“The Ultimate Book of Farting” is winner of the Failure of Nerve Award. The Award Committee found much to praise in the mechanism which produced a fart each time the book was opened.

So, why the outbreak of gaiety? Well, it’s because the annual Founders Book Fair always opens on the Saturday of Queen’s Birthday weekend. My J.Q. (Joy Quotient) always is always high at this time but it reached dangerously high levels when I discovered that Nelson Musical Theatre was staging a garage sale, right next to Founders on the very same day.
These two competing manifestations of Nirvana drove me to the brink of madness. I would have toppled over the edge, except for my responsibilities as chairperson of the Founder's Book Fair Awards Committee.
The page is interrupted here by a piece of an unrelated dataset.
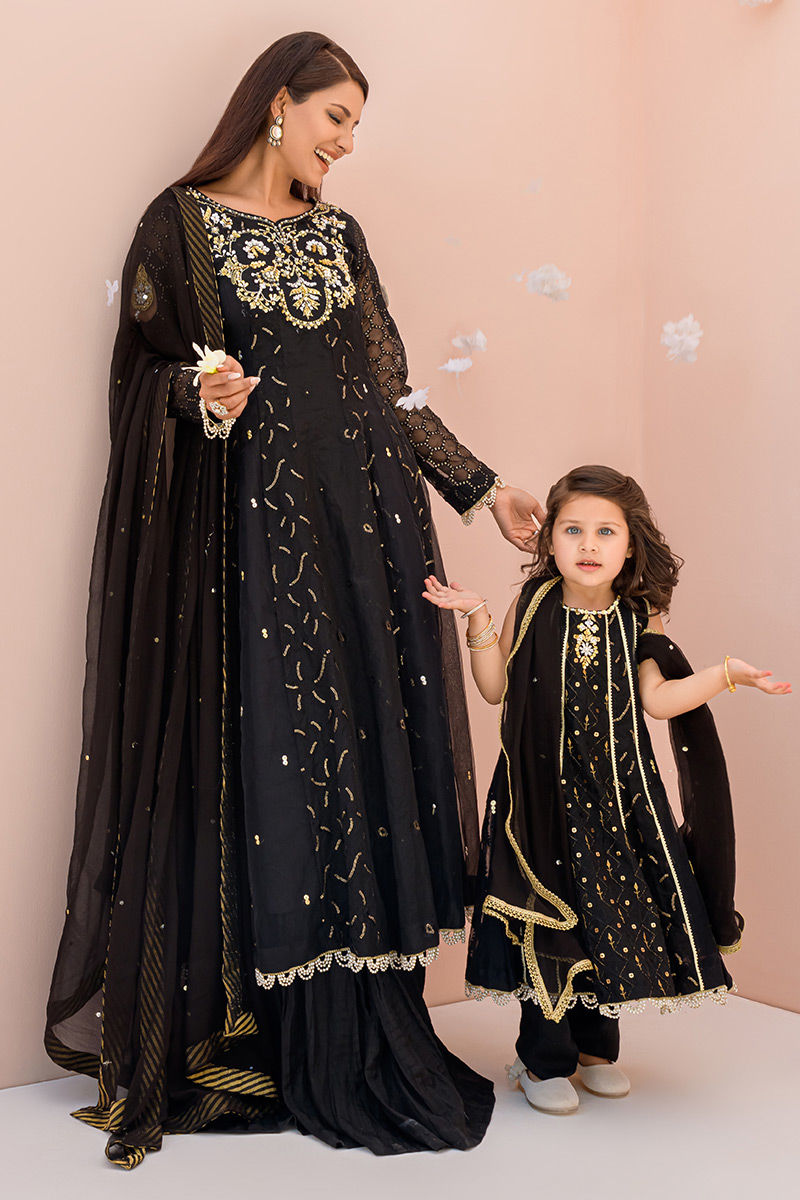 Fatima Khan | Luxury Pret 24 | RAVEN BLACK by Fatima Khan - Designer Dress - Type: Luxury - Available at Libayah - 100% Original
It is in this capacity that I would like to announce 2014 Award winners. Envelope please ...
Second prize goes to “A Guide to Divorce in New Zealand” which was sandwiched between “Walk!”, “Overload” and “Hard to Swallow”. Third prize goes to “What’s Right With Feminism” for its juxtaposition with “Not Guilty by Reason of Menopause”.
“The Ultimate Book of Farting” is winner of the Failure of Nerve Award. The Award Committee found much to praise in the mechanism which produced a fart each time the book was opened. However because the publishers chose not to integrate scratch and sniff technology, the Committee decided that the full offensive potential of the work was not fully realised.
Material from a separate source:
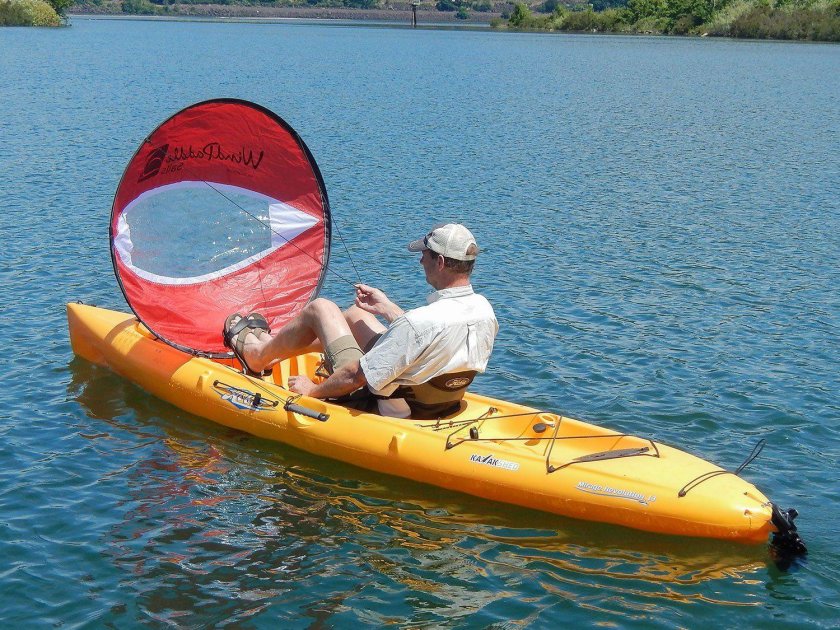 Парус на надувной каяк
The Most Tautological Book Title Award goes to a fitness guide called “Active Movement”. Readers with a preference for inactive movement, or exercise of a more cerebral kind, are referred to “Think Yourself Fit”. The Committee does caution that the woman on the book cover is wearing an awful lot of Lycra and this may indicate that some physical as well as mental exertion will be necessary.
“The Guide to Intuitive Communication with your Pet” is winner of the Antiques Roadshow Award. A Fox Terrier pup gazes soulfully from the front cover. The blurb on the back cover promises that the book will explain how to get your pet to “stay off the sofa, be careful with the good china and stop destroying the house while you’re out”. Antique lovers who want to keep the Wedgewood and the Spode in good nick will welcome this manual on telepathic communication with any domestic terrierist.
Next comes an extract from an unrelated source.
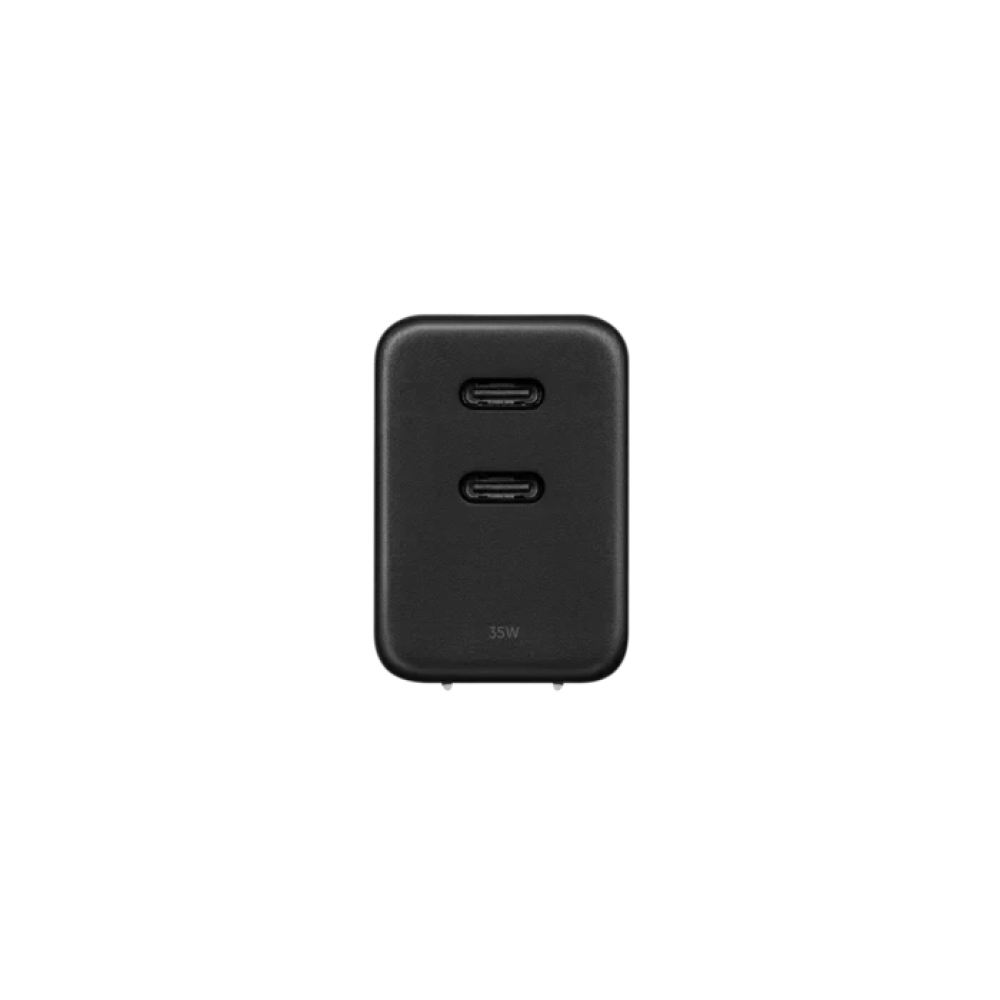 Сетевое зарядное устройство для телефона и другой техники Native Union Fast 35W Dual USB-C Port Black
Ex New Zealand radio personality Alice Worsley, author of the self-help book “Always Keep the Lid on Your Blender” wins the Whatever Happened To? Award this year. Alice has reinvented herself as a celebrant of weddings and baby-namings. The Committee was pleased to note that Alice hasn’t lost her trademark cheeriness: click “Funerals” on her website and you get a lovely warm message: “Oops! This page is currently under development”.
The Most Disturbing Topic/Most Disturbed Author Award goes to “When Pigs Move In”. Its disquieting subtitle - “How to sweep clean the demonic influences impacting your life and the lives of others” - and the creepy cover design made it a shoo-in.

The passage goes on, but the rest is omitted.